_Instructions to follow_
Leaving out the pictures, return word for word the stretch of entries below from the line holding "121 N Post Oak Ln #706 — Photo 12" through the line holding "Townhouse Alba - Renovated".

_Task data_
-------

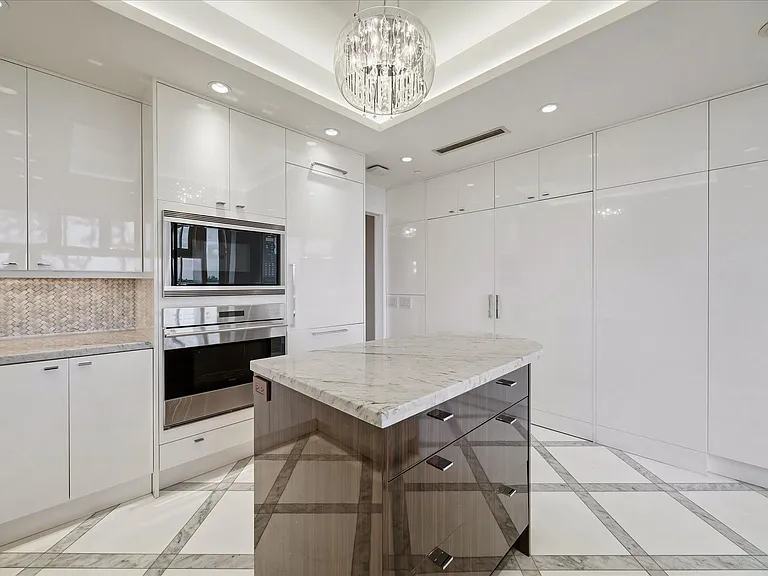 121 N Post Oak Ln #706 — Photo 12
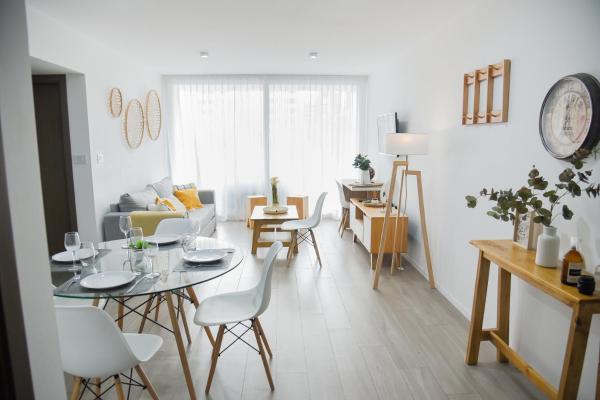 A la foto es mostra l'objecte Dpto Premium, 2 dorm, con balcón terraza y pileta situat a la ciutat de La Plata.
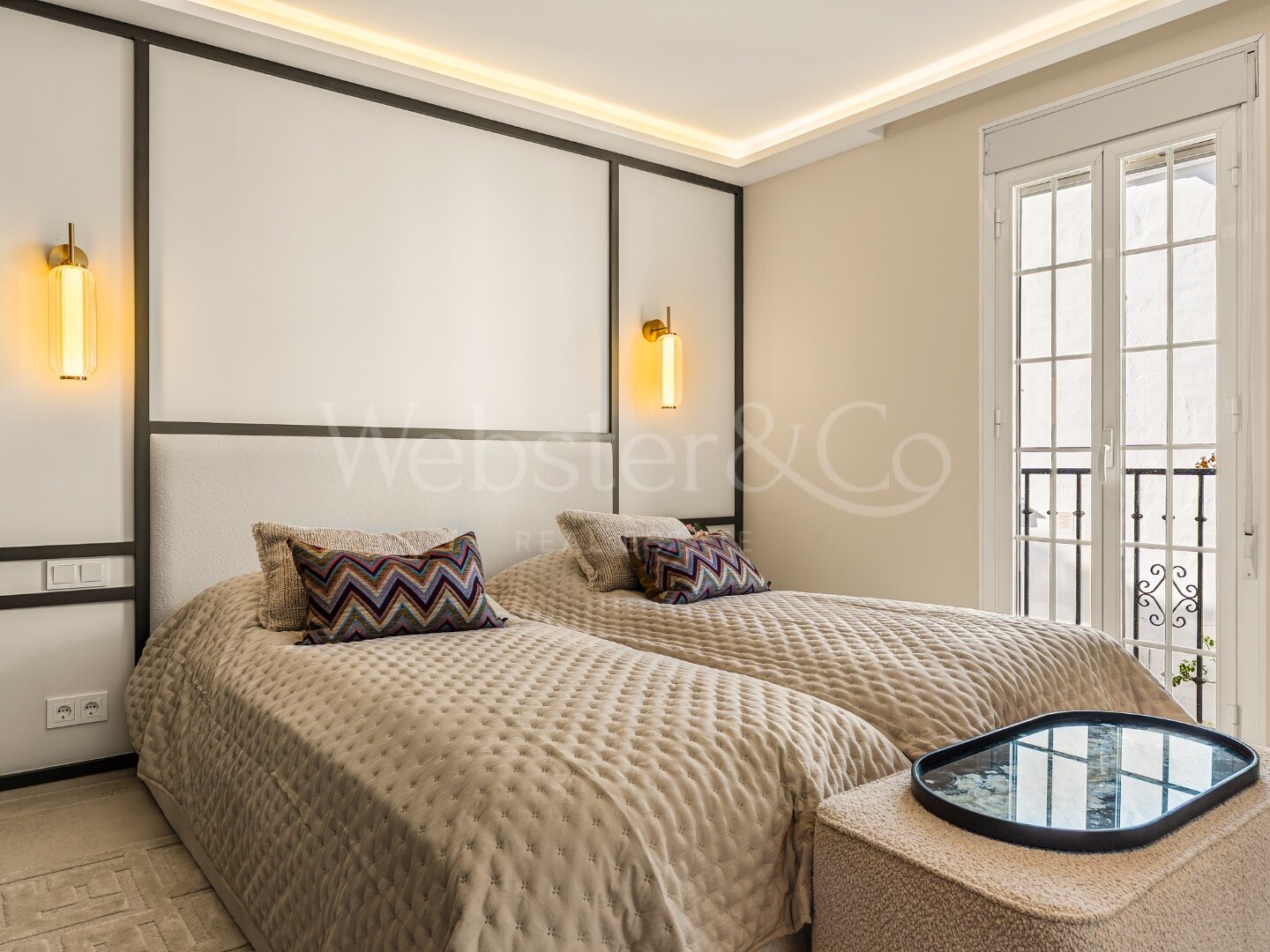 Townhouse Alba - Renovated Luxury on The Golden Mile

-------

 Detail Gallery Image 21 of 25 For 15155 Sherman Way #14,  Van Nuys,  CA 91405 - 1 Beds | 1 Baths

-------

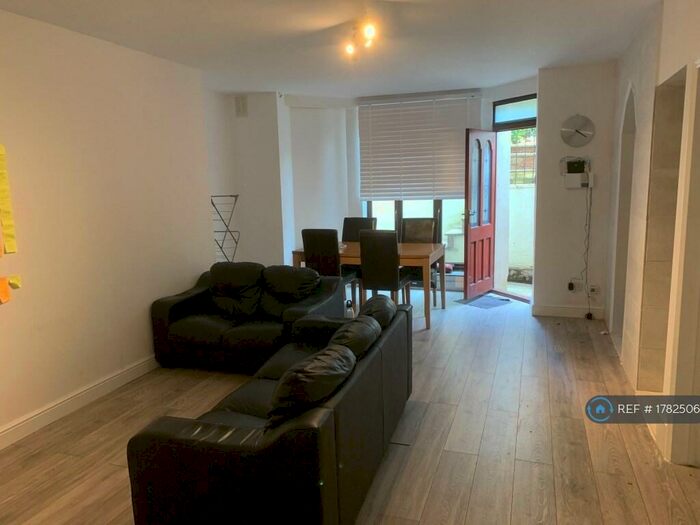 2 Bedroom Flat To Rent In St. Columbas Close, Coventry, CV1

-------

_Task result_
 121 N Post Oak Ln #706 — Photo 12
 A la foto es mostra l'objecte Dpto Premium, 2 dorm, con balcón terraza y pileta situat a la ciutat de La Plata.
 Townhouse Alba - Renovated Luxury on The Golden Mile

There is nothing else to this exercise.